Model validation – Scalable models from the physical sciences ( e.g., differential equations, cellular automata, nk-Boolean nets) tend to be highly abstract. Can sufficient fidelity be obtained to convince domain experts of the value of insights gained from such abstract models? We can conduct key comparisons along three complementary paths: (1) comparing model data against existing traffic and analysis, (2) comparing results from subsets of macro/meso-scale models against micro-scale models and (3) comparing simulations of distributed control regimes against results from implementations in test facilities, such as the Global Environment for Network Innovations.

Tractable analysis – The scale of potential measurement data is expected to be very large – O(10¹⁵) – with millions of elements, tens of variables, and millions of seconds of simulated time.
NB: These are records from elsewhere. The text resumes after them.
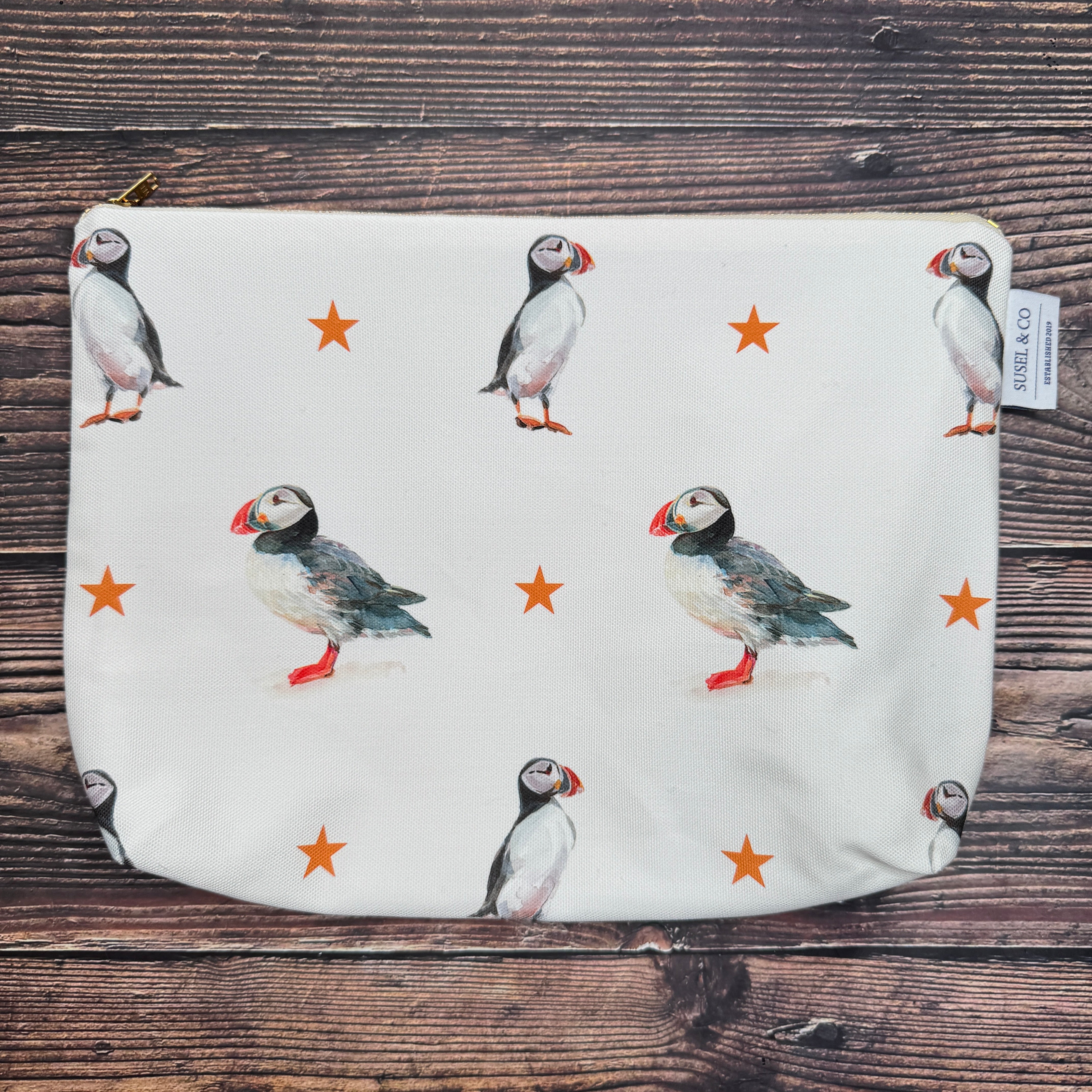 Puffins wash bag – illustrated by Susan Brunskill, handmade in the UK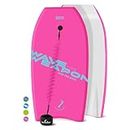 Own the Wave 37" Bodyboard with Coiled Leash and Swim Fin Straps - HDPE Slick Bottom and EPS Core - Boogieboard for Kids and Adults - Perfect for Surfing and Beach (Pink/Mint Green)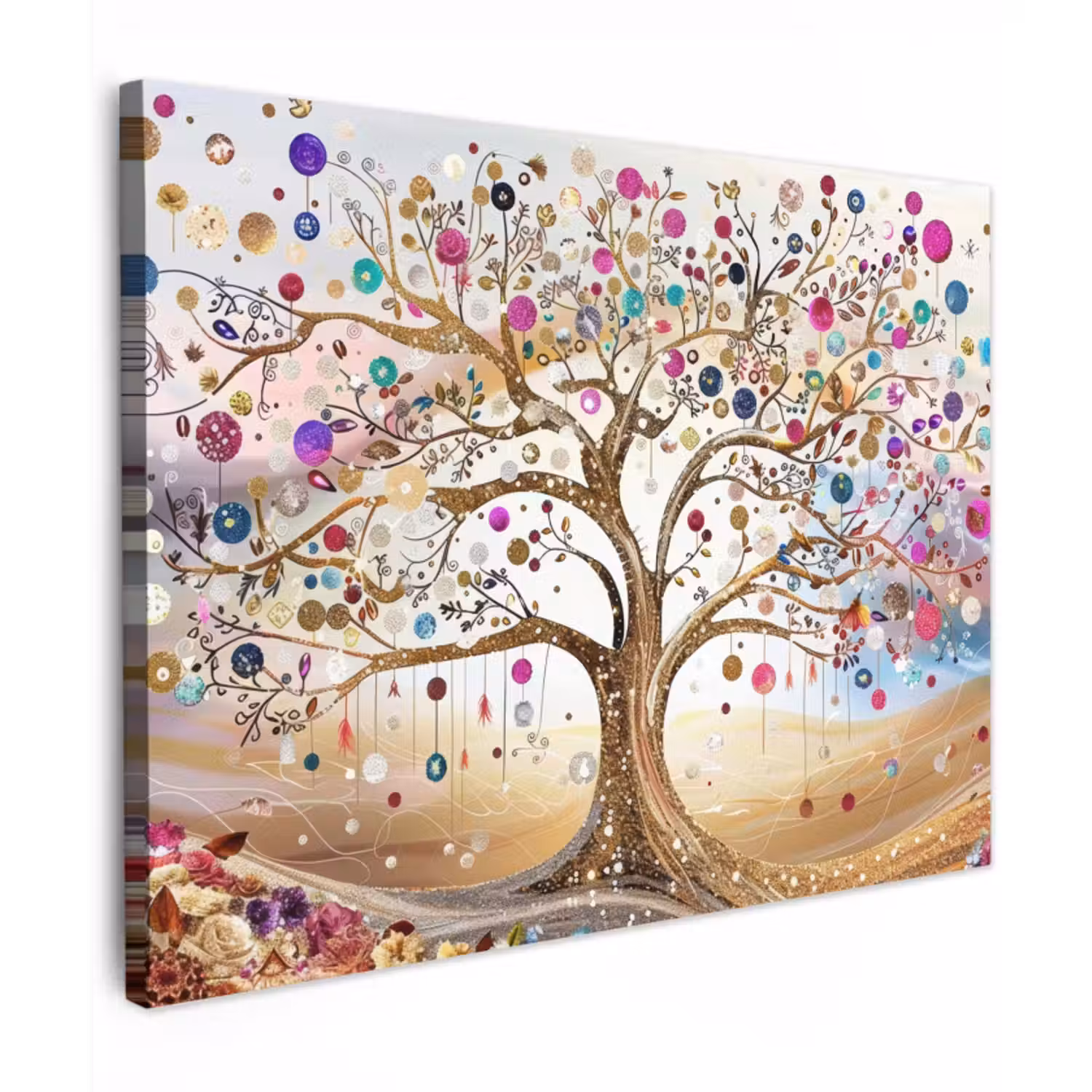 Canvas schilderij - Levensboom - Goud - Kleurrijk - Abstract - Aesthetic
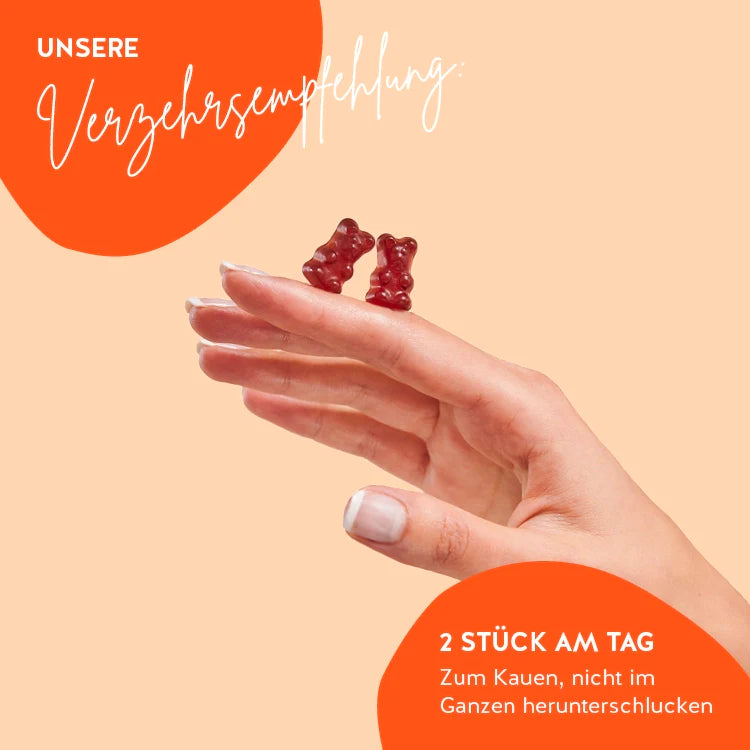 Auf diesem Bild ist die Verzehrempfehlung für die Daily Essental Bears mit Vitamin C dargestellt. 2 Stück am Tag - zum Kauen, nicht im Ganzen herunterschlucken.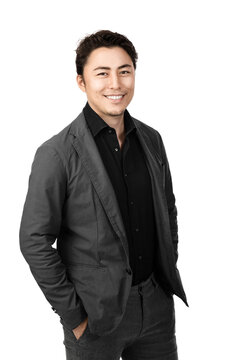 A half body shot of a very attractive Asian guy with
silky black hair and wearing a grey jacket looking laidback
and smiling towards the camera. 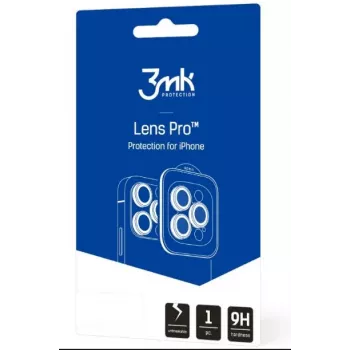 3MK Lens Protection Pro iPhone 12 Pro Max:lle - karkaistua lasia oleva kameran linssinsuoja (musta)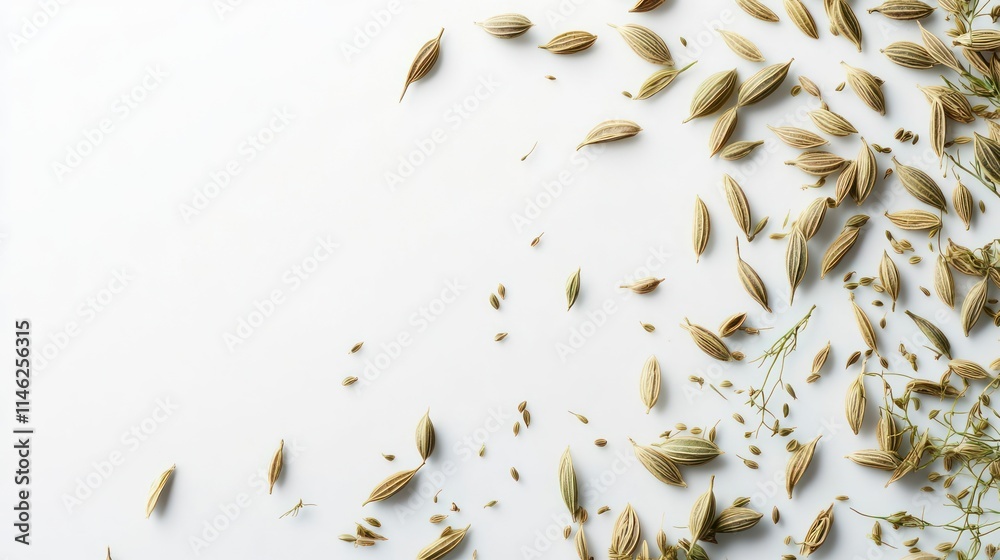Obraz premium Dried Fennel Seeds Scattered On White Background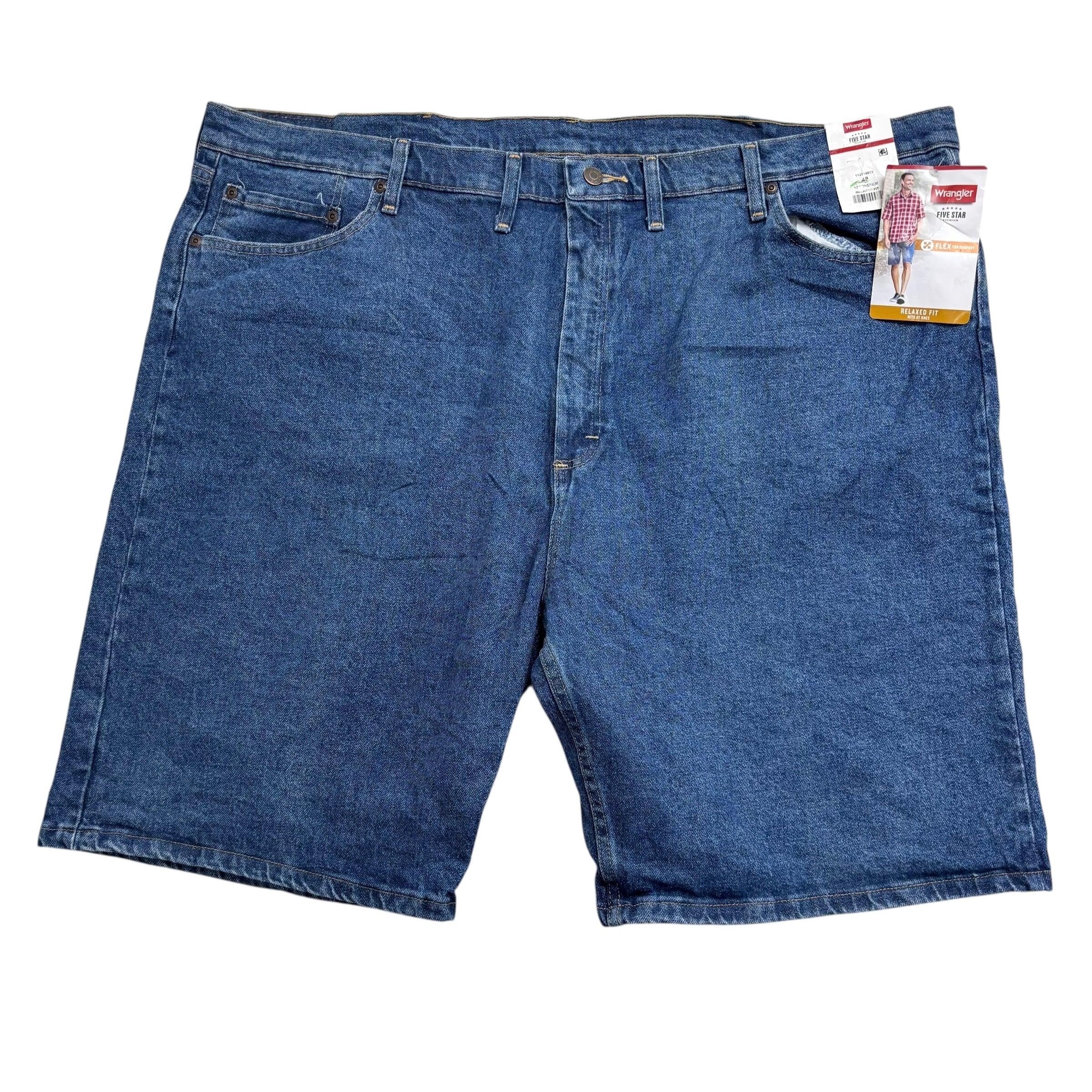 Wrangler Baggy Jorts W48 Mens Denim Shorts Mid Blue Relaxed Fit Stretch (E)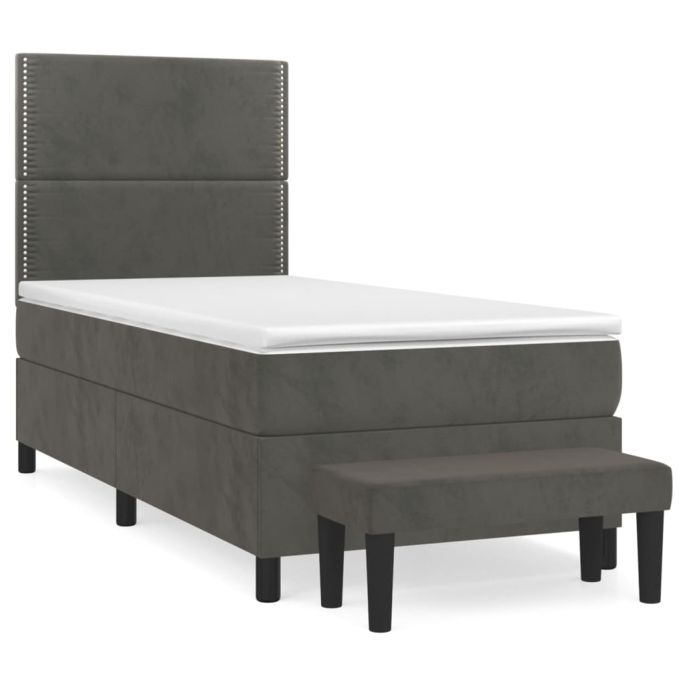 Boxspring met matras fluweel donkergrijs 80x200 cm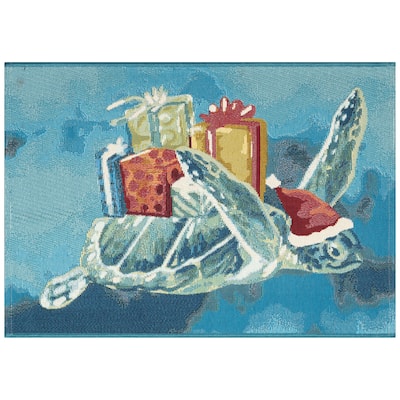 Liora Manne Esencia Santa Seaturtle Indoor/Outdoor Mat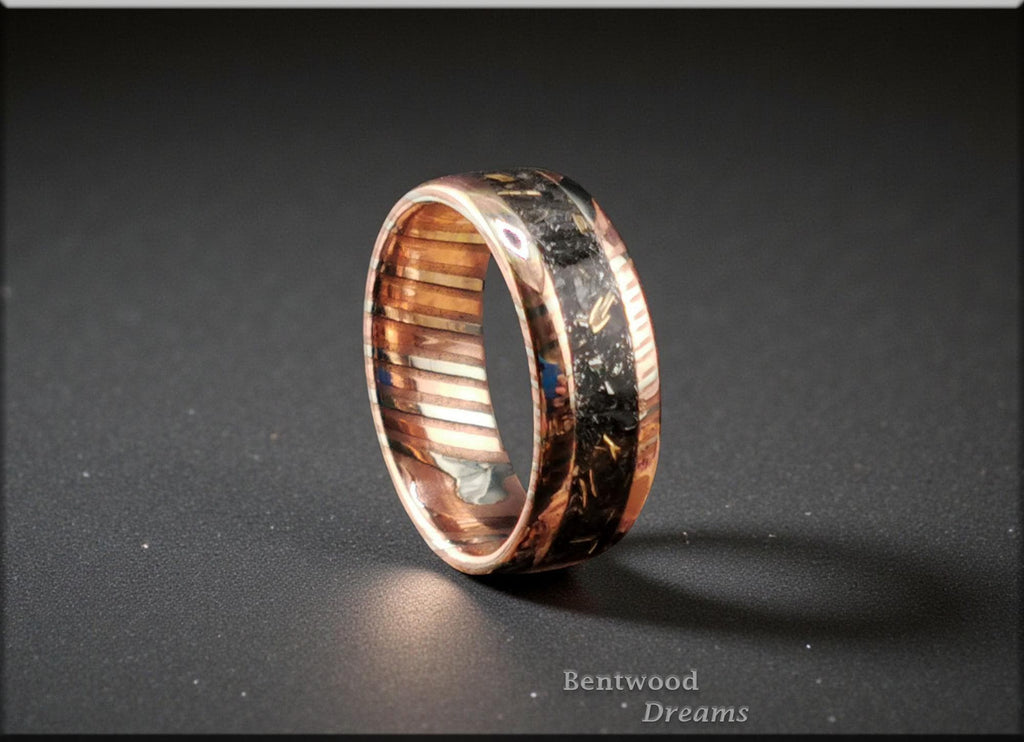 Mokume Gane Ring: inlaid Meteorite and M41 Walker Bulldog Tank shavings
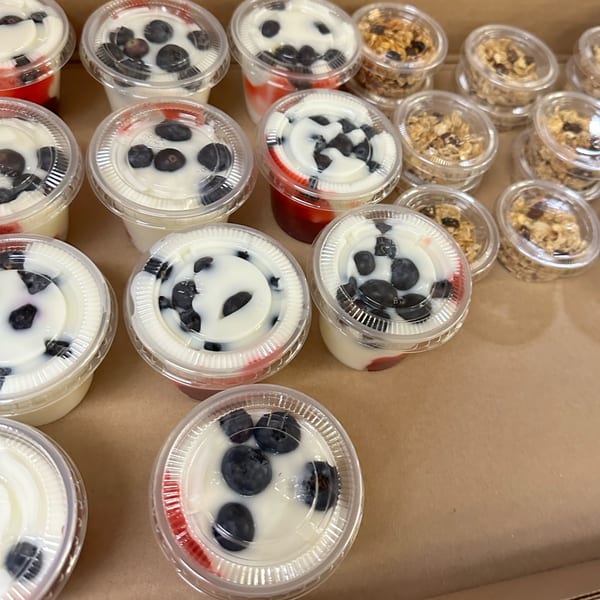 Numerous clear plastic cups filled with yogurt and blueberries, and some with granola, in a box.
How can measurement data be analyzed tractably? We could use homogeneous models, which allow one (or a few) elements to be sampled as representative of all. This reduces data volume to 10⁶ – 10⁷, which is amenable to statistical analyses (e.g., power-spectral density, wavelets, entropy, Kolmogorov complexity) to visualization.

Causal analysis – Tractable analysis strategies yield coarse data with limited granularity of timescales, variables and spatial extents. Coarseness may reveal macroscopic behavior that is not explainable from the data. For example, an unexpected collapse in the probability density function of job completion times in a computing grid was unexplainable without more detailed data and analysis. Multidimensional analysis can represent system state as a multidimensional space and depict system dynamics through various projections (e.g., slicing, aggregation, scaling). State-space dynamics can segment system dynamics into an attractor-basin field and then monitor trajectories.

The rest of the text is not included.